Technical Articles series: Towards Smarter Cloud-to-Edge Orchestration via Simulation

5min read

Due to the complexity of Swarmchestrate’s application-centric orchestration approach, a Cloud-to-Edge simulation environment is being developed in parallel with the actual system implementation. The goal of this simulation environment is to allow for safe and repeatable experimentation through mimicking the behaviour of the real system, as realistically as possible. For this purpose, we are extending the open-source DISSECT-CF-Fog simulator which provides a flexible, modular, and energy-aware simulation framework that is well suited for modelling complex edge, fog, and cloud computing scenarios.

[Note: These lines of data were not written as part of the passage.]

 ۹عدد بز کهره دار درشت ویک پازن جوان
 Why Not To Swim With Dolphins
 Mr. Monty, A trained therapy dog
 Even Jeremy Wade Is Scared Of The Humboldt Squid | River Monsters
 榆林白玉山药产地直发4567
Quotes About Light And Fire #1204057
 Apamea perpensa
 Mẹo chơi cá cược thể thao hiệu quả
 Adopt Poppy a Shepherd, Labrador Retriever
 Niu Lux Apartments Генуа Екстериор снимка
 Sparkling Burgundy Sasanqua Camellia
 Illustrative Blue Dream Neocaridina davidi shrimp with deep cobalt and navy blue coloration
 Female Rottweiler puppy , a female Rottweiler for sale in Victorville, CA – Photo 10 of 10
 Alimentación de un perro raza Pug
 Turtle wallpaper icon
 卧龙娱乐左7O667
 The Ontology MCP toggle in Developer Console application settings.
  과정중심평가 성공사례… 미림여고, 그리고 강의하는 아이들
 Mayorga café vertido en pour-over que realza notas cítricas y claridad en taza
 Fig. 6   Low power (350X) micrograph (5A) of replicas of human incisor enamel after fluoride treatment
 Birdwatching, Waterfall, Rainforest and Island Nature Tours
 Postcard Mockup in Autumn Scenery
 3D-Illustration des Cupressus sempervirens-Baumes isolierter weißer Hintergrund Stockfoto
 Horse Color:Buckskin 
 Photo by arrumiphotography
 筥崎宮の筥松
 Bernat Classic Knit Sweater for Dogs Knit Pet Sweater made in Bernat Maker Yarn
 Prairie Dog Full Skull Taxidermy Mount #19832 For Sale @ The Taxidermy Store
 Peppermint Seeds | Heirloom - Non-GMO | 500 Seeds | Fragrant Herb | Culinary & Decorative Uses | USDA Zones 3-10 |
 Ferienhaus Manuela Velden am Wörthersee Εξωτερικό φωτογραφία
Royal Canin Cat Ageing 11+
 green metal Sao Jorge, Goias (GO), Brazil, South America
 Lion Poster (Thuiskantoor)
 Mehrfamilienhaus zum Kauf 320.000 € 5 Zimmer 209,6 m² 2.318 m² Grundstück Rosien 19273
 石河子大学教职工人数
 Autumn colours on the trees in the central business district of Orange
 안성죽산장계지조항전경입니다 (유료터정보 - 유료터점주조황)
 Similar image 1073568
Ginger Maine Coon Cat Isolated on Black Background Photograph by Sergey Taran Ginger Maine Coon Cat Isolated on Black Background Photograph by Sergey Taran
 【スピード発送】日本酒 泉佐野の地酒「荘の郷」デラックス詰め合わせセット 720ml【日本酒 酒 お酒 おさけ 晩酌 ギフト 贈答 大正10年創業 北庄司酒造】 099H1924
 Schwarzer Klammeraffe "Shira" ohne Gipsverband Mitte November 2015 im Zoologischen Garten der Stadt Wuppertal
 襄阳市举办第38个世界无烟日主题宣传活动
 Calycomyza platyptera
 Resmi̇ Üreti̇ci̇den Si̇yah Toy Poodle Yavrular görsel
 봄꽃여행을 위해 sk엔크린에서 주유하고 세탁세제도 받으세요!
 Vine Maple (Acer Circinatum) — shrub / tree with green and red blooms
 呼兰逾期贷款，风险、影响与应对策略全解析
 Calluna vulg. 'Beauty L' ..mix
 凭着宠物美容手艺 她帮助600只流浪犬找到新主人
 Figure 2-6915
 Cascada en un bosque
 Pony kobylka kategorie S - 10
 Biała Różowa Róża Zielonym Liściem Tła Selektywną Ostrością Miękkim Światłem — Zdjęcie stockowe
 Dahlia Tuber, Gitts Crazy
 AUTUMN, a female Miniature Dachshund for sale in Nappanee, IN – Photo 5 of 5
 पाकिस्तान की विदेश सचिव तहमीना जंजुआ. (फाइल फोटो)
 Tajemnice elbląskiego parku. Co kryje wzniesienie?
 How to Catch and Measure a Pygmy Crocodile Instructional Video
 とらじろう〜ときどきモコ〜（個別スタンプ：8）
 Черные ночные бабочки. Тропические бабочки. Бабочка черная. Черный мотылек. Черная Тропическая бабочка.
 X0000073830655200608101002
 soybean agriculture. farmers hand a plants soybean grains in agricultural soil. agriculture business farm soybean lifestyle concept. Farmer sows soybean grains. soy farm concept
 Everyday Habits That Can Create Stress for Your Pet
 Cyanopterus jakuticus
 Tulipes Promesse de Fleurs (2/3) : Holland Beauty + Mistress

The rationale behind this decision is twofold: first, the simulation environment enables end-to-end modelling of orchestration services, including application submission, resource allocation, deployment, and runtime management, by mirroring the behaviour of a complete Swarmchestrate ecosystem. Second, DISSECT-CF-Fog is further extended towards the concept of a Digital Twin, acting as a dynamic virtual replica of the real Swarmchestrate infrastructure and demonstrators’ applications, parallel to the execution of the live system. This allows us to predict system behaviour, rigorously test orchestration strategies, and optimise resource allocation in a controlled, risk-free environment.

In this article, we will focus on the “Urban Noise Classification” demonstrator managed by InnoRenew CoE, UP IAM, as a detailed example of using the simulation environment. The challenge addressed by this demonstrator is how Swarmchestrate can enable scalable, real-time urban noise monitoring by dynamically orchestrating lightweight sound classification workloads across distributed edge nodes. In particular, the system must be able to intelligently reroute tasks away from devices exposed to direct sunlight, or approaching thermal throttling limits, towards cooler, nearby edge nodes.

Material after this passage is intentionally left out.